Si que la necesitábamos. Nuestra jornada de “pan y abecedario” empezaba en “zonas de ubicación muy desfavorable”. Podíamos repetirnos con Ingenieros: “Nunca digas este ambiente es malo, ahí estás tu para mejorarlo”. Eso es lo que haríamos de ahí en más. Creo que lo hicimos.

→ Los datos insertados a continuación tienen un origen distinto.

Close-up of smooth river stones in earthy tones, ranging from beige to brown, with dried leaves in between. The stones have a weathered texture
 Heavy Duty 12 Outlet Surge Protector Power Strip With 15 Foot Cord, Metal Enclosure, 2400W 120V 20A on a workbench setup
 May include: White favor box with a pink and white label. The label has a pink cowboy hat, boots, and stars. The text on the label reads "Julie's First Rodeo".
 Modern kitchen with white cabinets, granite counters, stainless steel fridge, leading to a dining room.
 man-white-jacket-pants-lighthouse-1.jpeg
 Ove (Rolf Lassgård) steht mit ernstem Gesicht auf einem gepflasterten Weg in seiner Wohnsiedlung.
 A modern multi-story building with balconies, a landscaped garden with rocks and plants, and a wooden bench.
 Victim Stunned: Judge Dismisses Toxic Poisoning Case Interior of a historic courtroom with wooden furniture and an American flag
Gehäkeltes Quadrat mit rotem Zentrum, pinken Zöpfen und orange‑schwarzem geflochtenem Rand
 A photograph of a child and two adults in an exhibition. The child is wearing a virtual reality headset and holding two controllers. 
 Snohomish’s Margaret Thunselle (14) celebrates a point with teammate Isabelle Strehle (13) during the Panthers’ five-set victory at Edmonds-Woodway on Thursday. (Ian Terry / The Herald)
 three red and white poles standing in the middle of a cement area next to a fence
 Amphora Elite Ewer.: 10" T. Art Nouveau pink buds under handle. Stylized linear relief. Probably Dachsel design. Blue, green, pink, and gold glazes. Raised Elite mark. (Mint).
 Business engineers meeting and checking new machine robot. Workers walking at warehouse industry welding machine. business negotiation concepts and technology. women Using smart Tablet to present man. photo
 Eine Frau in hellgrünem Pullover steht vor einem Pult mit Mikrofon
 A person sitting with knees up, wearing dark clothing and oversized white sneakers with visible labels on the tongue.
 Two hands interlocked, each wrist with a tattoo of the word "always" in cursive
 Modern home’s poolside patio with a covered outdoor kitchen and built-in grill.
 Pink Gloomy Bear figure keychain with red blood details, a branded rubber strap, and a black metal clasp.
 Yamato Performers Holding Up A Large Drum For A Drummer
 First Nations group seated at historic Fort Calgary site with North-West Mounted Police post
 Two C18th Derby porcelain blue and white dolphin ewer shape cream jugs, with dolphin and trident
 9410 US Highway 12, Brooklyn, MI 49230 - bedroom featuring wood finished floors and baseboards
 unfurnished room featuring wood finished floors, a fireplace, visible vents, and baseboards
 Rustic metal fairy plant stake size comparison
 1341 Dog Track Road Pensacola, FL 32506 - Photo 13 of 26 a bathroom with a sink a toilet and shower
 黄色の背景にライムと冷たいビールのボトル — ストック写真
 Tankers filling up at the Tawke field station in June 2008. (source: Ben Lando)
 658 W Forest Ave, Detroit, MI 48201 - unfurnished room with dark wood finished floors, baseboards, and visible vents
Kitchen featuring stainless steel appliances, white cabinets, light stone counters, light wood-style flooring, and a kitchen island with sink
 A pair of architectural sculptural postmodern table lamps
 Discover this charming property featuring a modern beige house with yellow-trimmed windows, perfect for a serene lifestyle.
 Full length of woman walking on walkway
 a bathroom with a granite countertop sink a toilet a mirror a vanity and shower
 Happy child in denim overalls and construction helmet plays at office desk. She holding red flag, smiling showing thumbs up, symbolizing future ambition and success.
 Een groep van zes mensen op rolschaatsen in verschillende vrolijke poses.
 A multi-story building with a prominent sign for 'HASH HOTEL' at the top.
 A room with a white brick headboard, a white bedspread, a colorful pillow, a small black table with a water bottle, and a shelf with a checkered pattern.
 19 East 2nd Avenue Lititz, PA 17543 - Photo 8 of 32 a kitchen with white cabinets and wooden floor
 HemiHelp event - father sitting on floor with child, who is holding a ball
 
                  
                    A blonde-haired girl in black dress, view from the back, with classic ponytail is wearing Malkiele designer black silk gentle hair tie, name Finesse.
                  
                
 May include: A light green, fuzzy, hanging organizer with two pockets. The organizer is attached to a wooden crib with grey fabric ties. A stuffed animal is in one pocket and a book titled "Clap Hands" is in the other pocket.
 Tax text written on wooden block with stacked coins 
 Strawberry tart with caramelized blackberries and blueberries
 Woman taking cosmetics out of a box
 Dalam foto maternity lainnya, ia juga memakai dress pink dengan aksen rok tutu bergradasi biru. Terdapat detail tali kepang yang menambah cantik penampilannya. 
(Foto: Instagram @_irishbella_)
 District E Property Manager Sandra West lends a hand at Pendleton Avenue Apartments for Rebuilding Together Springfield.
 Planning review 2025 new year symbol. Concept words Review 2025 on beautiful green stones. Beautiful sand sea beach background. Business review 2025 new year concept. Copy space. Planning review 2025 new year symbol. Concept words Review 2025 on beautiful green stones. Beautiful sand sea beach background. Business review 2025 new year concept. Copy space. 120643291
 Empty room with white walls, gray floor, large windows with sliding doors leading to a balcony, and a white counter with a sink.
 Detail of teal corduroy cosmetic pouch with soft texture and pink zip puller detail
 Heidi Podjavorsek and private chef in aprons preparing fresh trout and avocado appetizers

¿Qué fue de él? Cuando supe de su ausencia definitiva sentí que una parte de mi juventud, de mi alegría, se iba con Diosdado. Poco antes se había ido con la “Cachita” de su rumba. Y todavía los veo, vitales, joviales, espectrales, moviéndose al ritmo de aquel compás y su “¡Óyeme, Cachita, tengo una rumbita… para que la bailes como bailo yo…!”

Notas

* (1921-2004) Profesor de Filosofía y Ciencias de la Educación. Maestro Normal Nacional. Docente en la Universidad Pedagógica de México, y de la Facultad de Filosofía y Letras de la Universidad de Buenos Aires. Escritor, periodista, investigador. Profesor Emérito de la UNLPam. Secretario Académico de la UNLPam. Profesor Titular de la Cátedra Pedagogía Universitaria. Director de la Maestría en Evaluación de la Facultad de Ciencias Humanas.